The recently released North Carolina Utilities Commission Carbon Plan is more ideological than reasonable. It will saddle our state’s electricity customers with an energy plan that normalizes rolling blackouts due to capacity shortfalls. It will guarantee higher bills and colder homes over the winter.
It’s likely the plan doesn’t comply with state law.
The bipartisan Energy Solutions for North Carolina Act (House Bill 951), signed into law by Gov. Roy Cooper, was a compromise. It ceded Cooper and environmentalists’ long-desired goal of carbon neutrality by 2050. It didn’t mandate their preferred industrial wind and utility-scale solar resources to accomplish the goal.
House Bill 951 granted NCUC authority to determine a plan so long as it stayed within specific ratepayer protection guardrails. They included reliability, affordability, and technology. Any plan must be the most “reasonable,” “least-cost path” to emissions reductions with “least-cost planning of generation” that would “maintain and improve upon the reliability of the grid.” A required biennial review of technological advancements provides an opportunity to find new solutions that decrease costs and increase reliability.

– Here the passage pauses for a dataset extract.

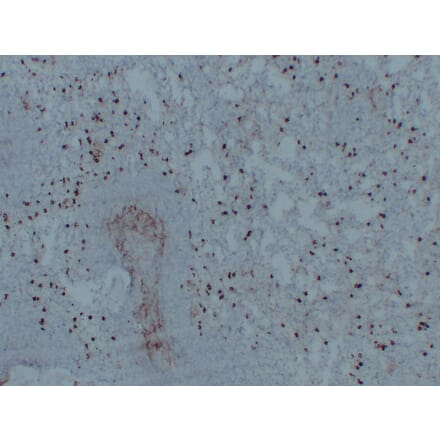 Immunohistochemistry - Anti-CD14 Antibody (V0016) - Antibodies.com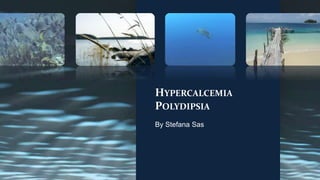 HypercalcemiaPolydipsia By Stefana Sas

Unfortunately, the most impactful mandate in NCUC’s Carbon Plan — accelerated retirement of 9,000 megawatts of baseload coal generation — ignores all ratepayer protections.
Admittedly, coal is the leading source of CO2 emissions on the generation side. So eliminating coal is low-hanging fruit to achieve quick emissions reduction. However, premature retirement ignores improved technology in carbon sequestration, which would allow coal-fired plants to remain operational at a much lower cost to ratepayers.

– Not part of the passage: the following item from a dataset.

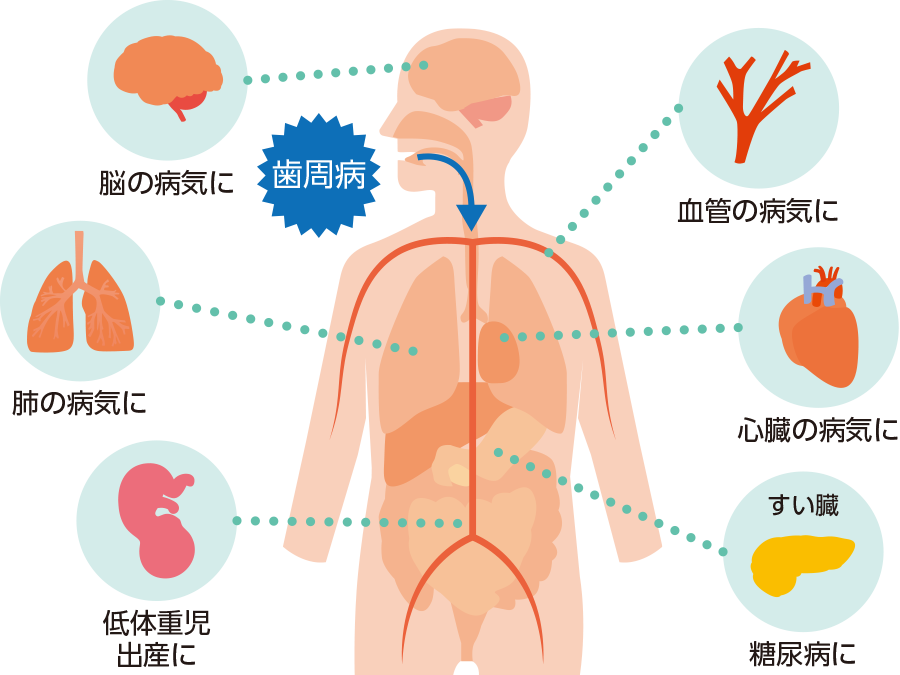 歯周病と全身疾患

My colleague Jon Sanders recently reported, “The levelized cost of existing coal-fired power plants is less than half that of new solar and wind facilities plus their required backup generation.”
More importantly, coal has a much higher capacity factor and is dispatchable (available when needed) which makes it a much more reliable resource. Despite some fluctuations due to equipment issues, coal and natural gas worked alongside nuclear to keep North Carolinians from freezing during December’s arctic blast.
The blanket forced closure of Duke’s entire coal fleet — roughly one-fourth of North Carolina’s total installed capacity and nearly 30% of Duke Energy’s generation portfolio — requires baseload resource replacement. Instead, NCUC ordered 2,350 megawatts of new solar generation that will require expensive transmission and infrastructure upgrades to accommodate the intermittent resources. That’s on top of massive taxpayer-funded subsidies.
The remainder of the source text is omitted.